**Captioned web image data:**
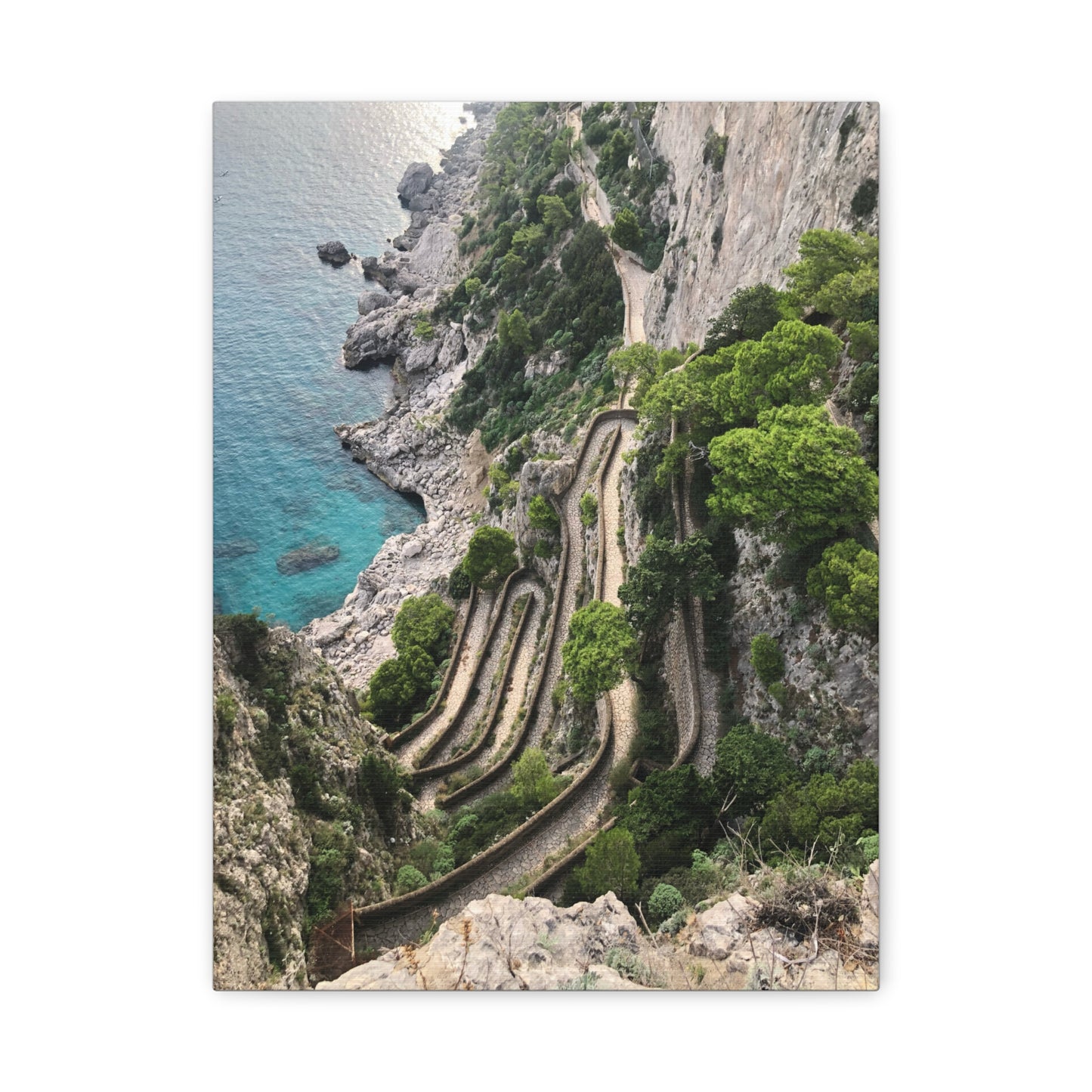 Via Krupp Pathway Capri, Italy Matte Canvas Print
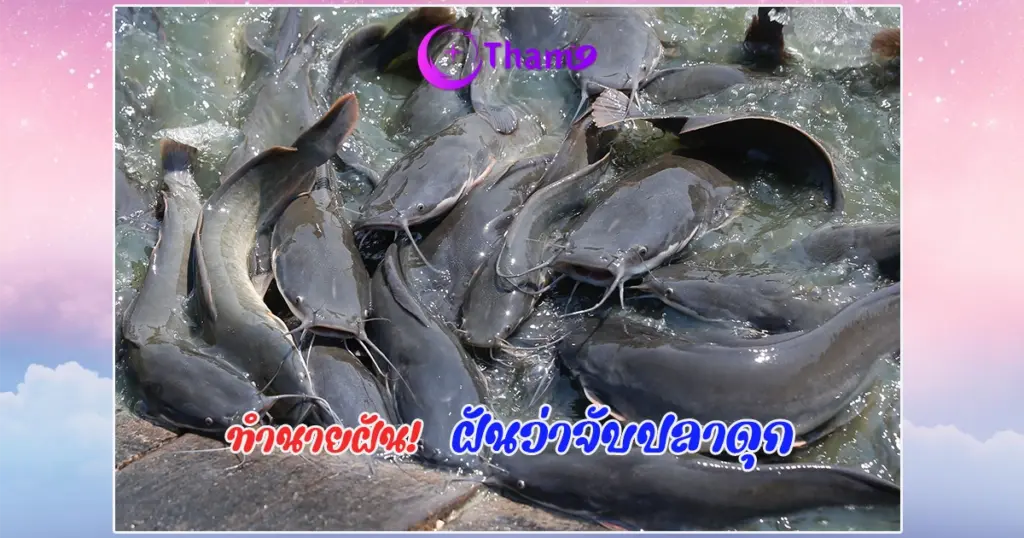 ฝันว่าจับปลาดุก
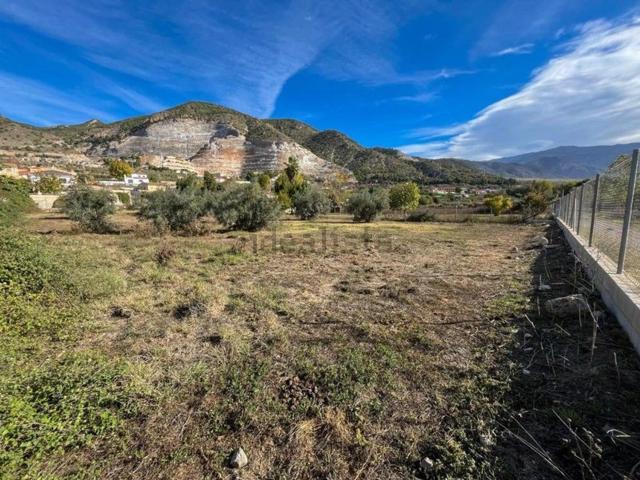 Terreno, Padul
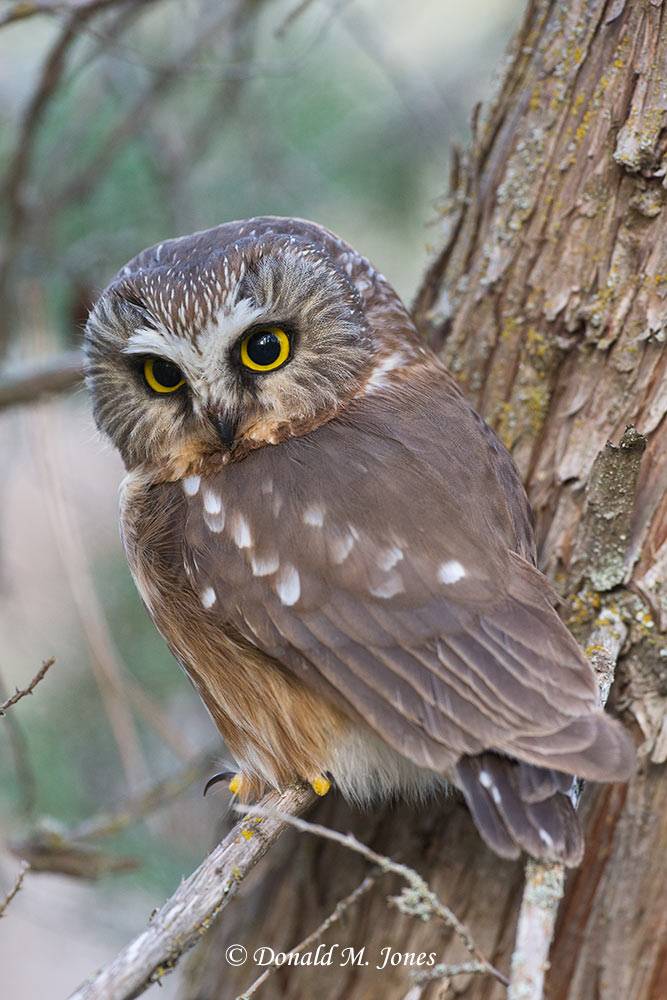 Northern-Saw-whet-Owl0119D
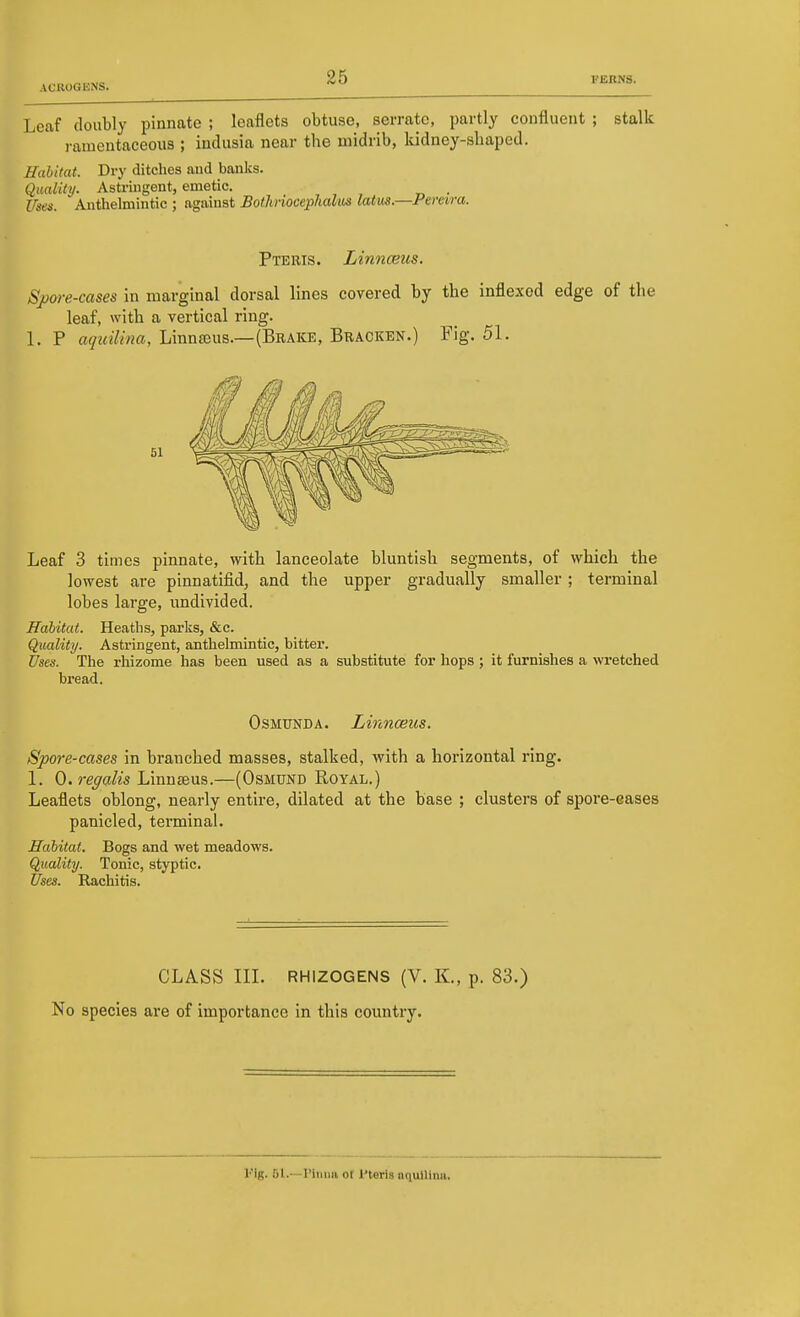 Leaf doubly pinnate ; leaflets obtuse, serrate, partly confluent ; stalk ramentaceous ; indusia near the midrib, kidney-shaped. Habitat. Dry ditches aud banks. Qiiality. Astringent, emetic, , , , „ . Uses. Anthelmintic ; against BotknoceplialMS latus.—Ferara. Pteris. Linnceus. Sj)ore-cases in marginal dorsal lines covered by the inflexod edge of the leaf, with a vertical ring. 1. P aquilina, Linnaeus.—(Brake, Bracken.) Fig. 51. 51 Leaf 3 times pinnate, with lanceolate bluntish segments, of which the lowest are pinnatifid, and the upper gradually smaller; terminal lobes large, undivided. Habitat. Heaths, parks, &c. Quality. Astringent, anthelmintic, bitter. Uses. The rhizome has been used as a substitute for hops ; it furnishes a wretched bread. OsMUNDA. LirMceus. Spore-cases in branched masses, stalked, with a horizontal ring. 1. 0. reya& LinuEeus.—(Osmund Royal.) Leaflets oblong, nearly entire, dilated at the base ; clusters of spore-eases panicled, terminal. Habitat. Bogs and wet meadows. Quality. Tonic, styptic. Ifses. Rachitis. CLASS m. RHIZOGENS (V. K., p. 83.) No species are of importance in this country. Fig. 61.—Piiiua of I'terls nquUina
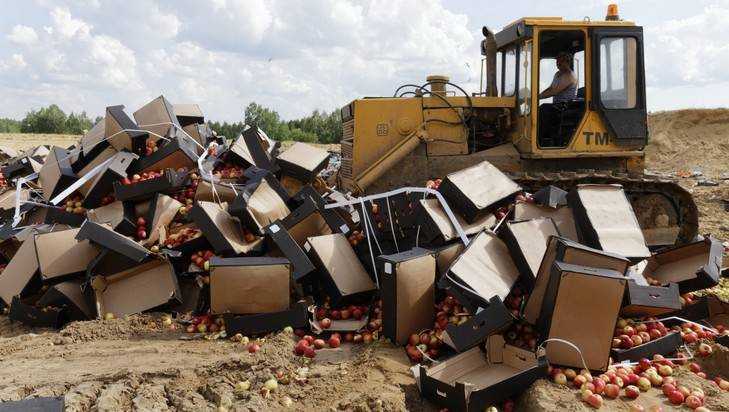 На брянском полигоне уничтожили 21 тонну яблок
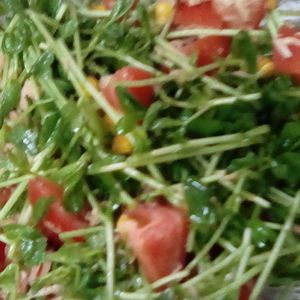 鶏皮坊主の作ってみた!投稿(豆苗とトマトとツナのつゆレモンドレッシングサラダ)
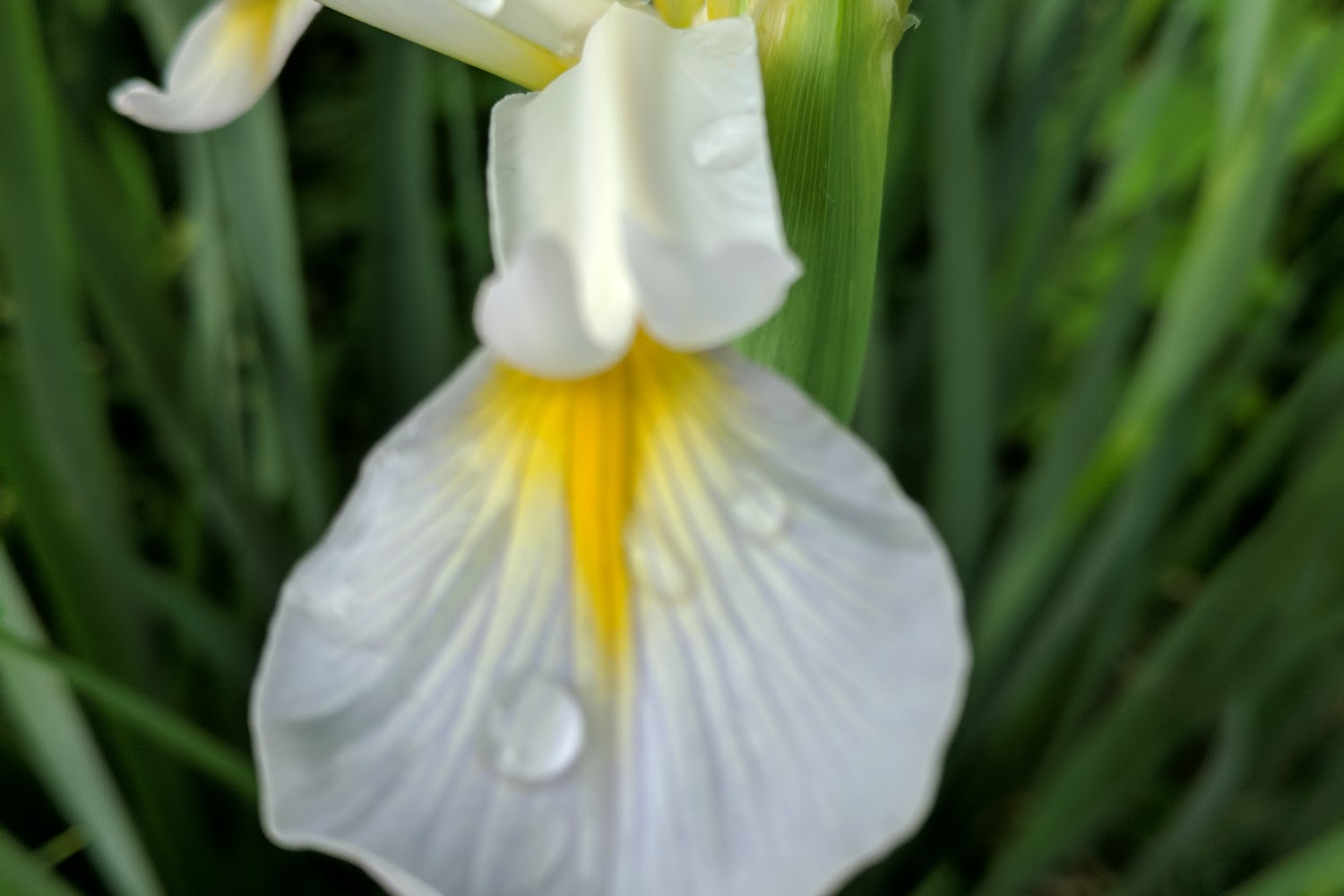 One More Chance Rescue and Adoption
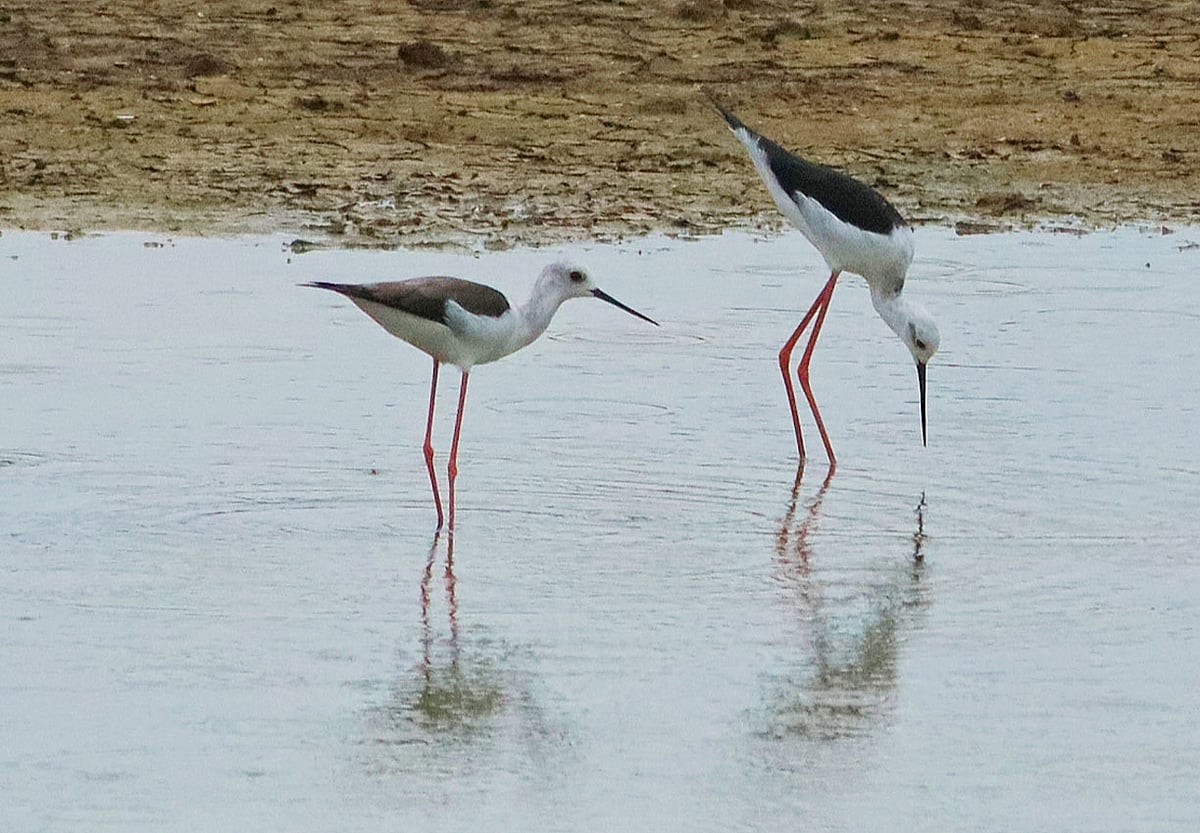 ಉಡುಪಿ: ನೀರು ತುಂಬಿದ ಗದ್ದೆಗಳಲ್ಲಿ ಪಕ್ಷಿಗಳ ಕಲರವ; ಮತ್ತೆ ಬಂದ ವಲಸೆ ಬಾನಾಡಿಗಳು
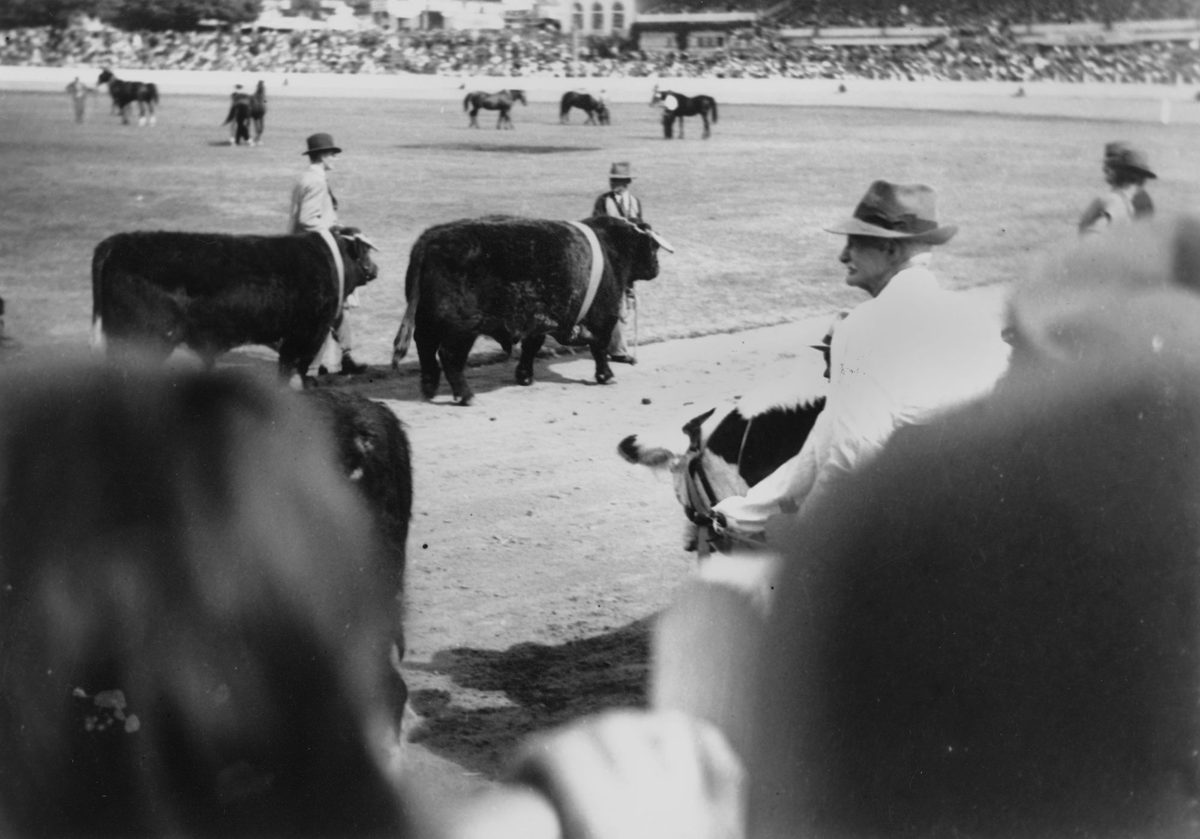 Parade of cattle at the RNA Exhibition, Brisbane, 1948, Bowen Hills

**TASK PROMPT:** Images are to be omitted; repeat the remaining data above exactly.

**SOLUTION TO THE EXERCISE:**
 Via Krupp Pathway Capri, Italy Matte Canvas Print
 ฝันว่าจับปลาดุก
 Terreno, Padul
 Northern-Saw-whet-Owl0119D
 Leaf doubly pinnate ; leaflets obtuse, serrate, partly confluent ; stalk ramentaceous ; indusia near the midrib, kidney-shaped. Habitat. Dry ditches aud banks. Qiiality. Astringent, emetic, , , , „ . Uses. Anthelmintic ; against BotknoceplialMS latus.—Ferara. Pteris. Linnceus. Sj)ore-cases in marginal dorsal lines covered by the inflexod edge of the leaf, with a vertical ring. 1. P aquilina, Linnaeus.—(Brake, Bracken.) Fig. 51. 51 Leaf 3 times pinnate, with lanceolate bluntish segments, of which the lowest are pinnatifid, and the upper gradually smaller; terminal lobes large, undivided. Habitat. Heaths, parks, &c. Quality. Astringent, anthelmintic, bitter. Uses. The rhizome has been used as a substitute for hops ; it furnishes a wretched bread. OsMUNDA. LirMceus. Spore-cases in branched masses, stalked, with a horizontal ring. 1. 0. reya& LinuEeus.—(Osmund Royal.) Leaflets oblong, nearly entire, dilated at the base ; clusters of spore-eases panicled, terminal. Habitat. Bogs and wet meadows. Quality. Tonic, styptic. Ifses. Rachitis. CLASS m. RHIZOGENS (V. K., p. 83.) No species are of importance in this country. Fig. 61.—Piiiua of I'terls nquUina
 На брянском полигоне уничтожили 21 тонну яблок
 鶏皮坊主の作ってみた!投稿(豆苗とトマトとツナのつゆレモンドレッシングサラダ)
 One More Chance Rescue and Adoption
 ಉಡುಪಿ: ನೀರು ತುಂಬಿದ ಗದ್ದೆಗಳಲ್ಲಿ ಪಕ್ಷಿಗಳ ಕಲರವ; ಮತ್ತೆ ಬಂದ ವಲಸೆ ಬಾನಾಡಿಗಳು
 Parade of cattle at the RNA Exhibition, Brisbane, 1948, Bowen Hills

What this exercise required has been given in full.